Thanks for correcting some of my semantics. :)
My point was that Python is a VM-backed language, similar to the JVM (more correctly, similar but lacking JIT), and unless you hit the GIL it performs quite well. Same as with Perl.
Here is Python's VM: https://hg.python.org/cpython/file/3.3/Python/ceval.c#l790
I'll attempt to agree with your Java sentiment by saying that Java only became worth a damn in 1.5.
Today it is respectable for a number of use-cases. My favorite use-case is JAX-RS 2.0. Anyone who writes REST interfaces in Node.js or almost anything else just likes to type a lot of unnecessary lines of code, manually injecting request parameters into business logic and manually creating encoded responses, etc. (Webmachine in Erlang, Ruby or Python is almost as respectable as JAX-RS 2.0 & Jersey.) In JAX-RS 2.0, my same web-annotated business objects and structure-annotated value objects can serve application/xml, application/json and application/x-www-form-urlencoded inputs and outputs without me having to write a single line of plumbing or conversion code, letting me focus on the business logic and domain object model alone.

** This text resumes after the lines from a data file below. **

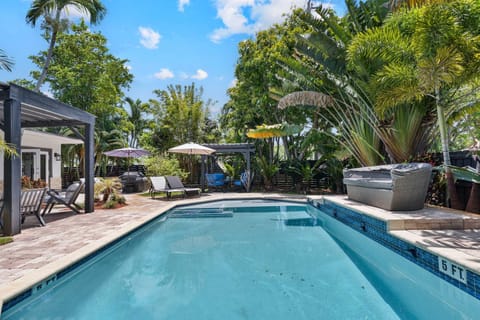 Day, Swimming pool, Swimming pool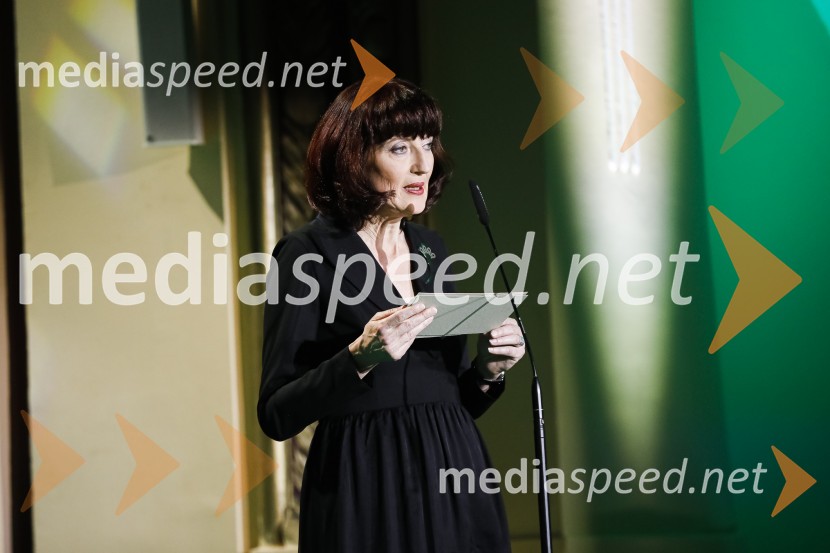  Sabina Obolnar, odgovorna urednica One in OnaplusOna desetletja je Jožica Maučec Zakotnik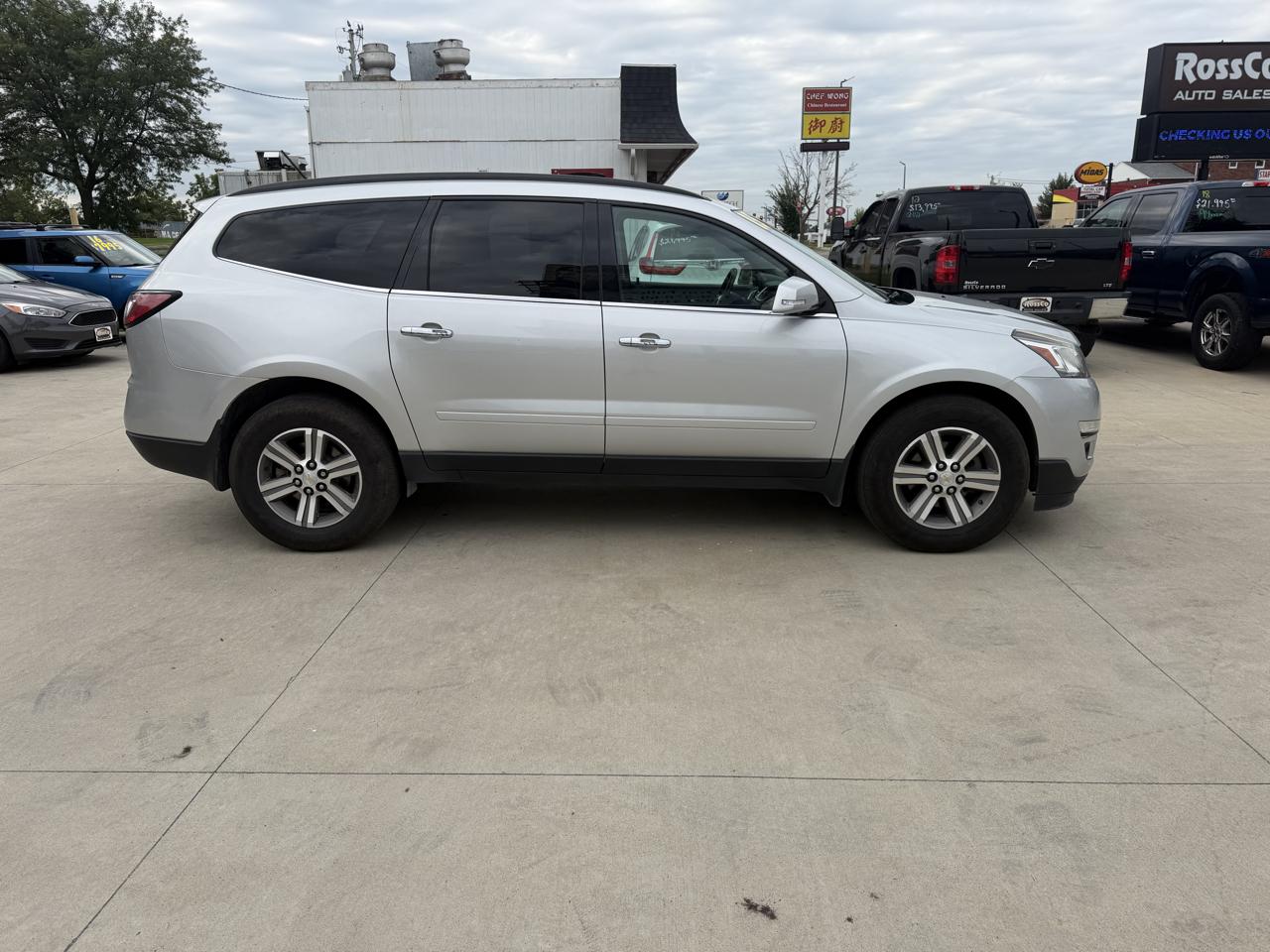 Chevrolet Traverse AWD 4dr LT w/2LT 2015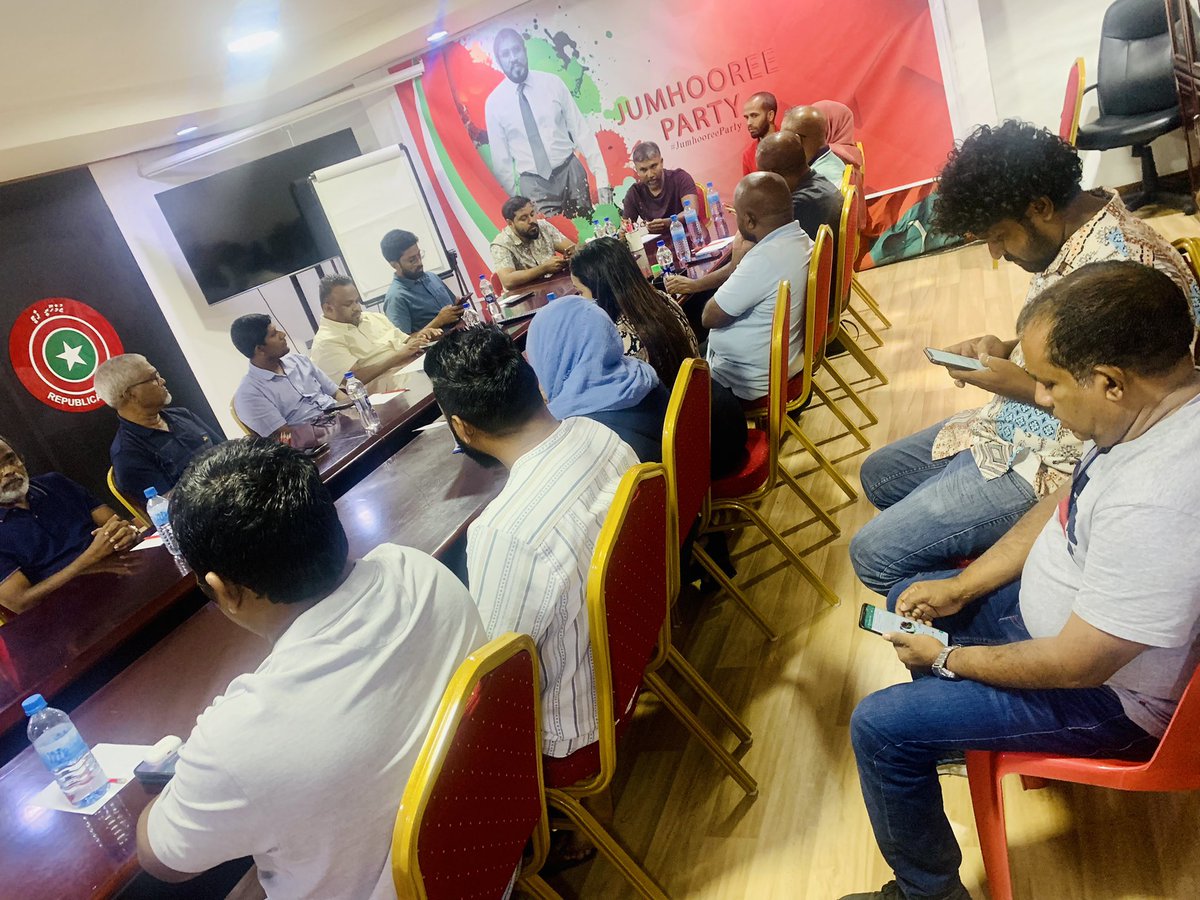 husen_rym's tweet photo. ކެމްޕެއިން ހަރަކާތްތައް ކުރިއަށް ގެންދިއުމަށްޓަކައި، ދެކުނު ކެމްޕެއިން ޓީމުން މަޝްވަރާކުރުމަށް ބާއްވާ ބައްދަލުވުމުގެ ތެރެއިން!
#HaaskandaalaaHamajeheyne
#Qasim2023
@ilhammaldives 
@JPSecretariat  
@qasimibrahim https://t.co/gTVRtYZGMr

In the event processing system I referred to, we rewrote it in Java and acheived many improvements in speed over Python (due to our I/O bound multithreading and, of course, avoiding IPC-in-Python along the way, which would have helped, as you say).
FWIW, Puppet is moving from Ruby to JRuby... I'm not a huge JVM fanboy, but it has its benefits on occassion, especially if you can avoid all instances of legacy code and legacy APIs. (Java has a done a better job of learning from their mistakes, but the mistakes linger in legacy code.)
PS: It is not well-known, but it is possible to do reified generics in Java with some hackery (with concrete anonymous abstract classes), if you really need some C++ template love in your codebase.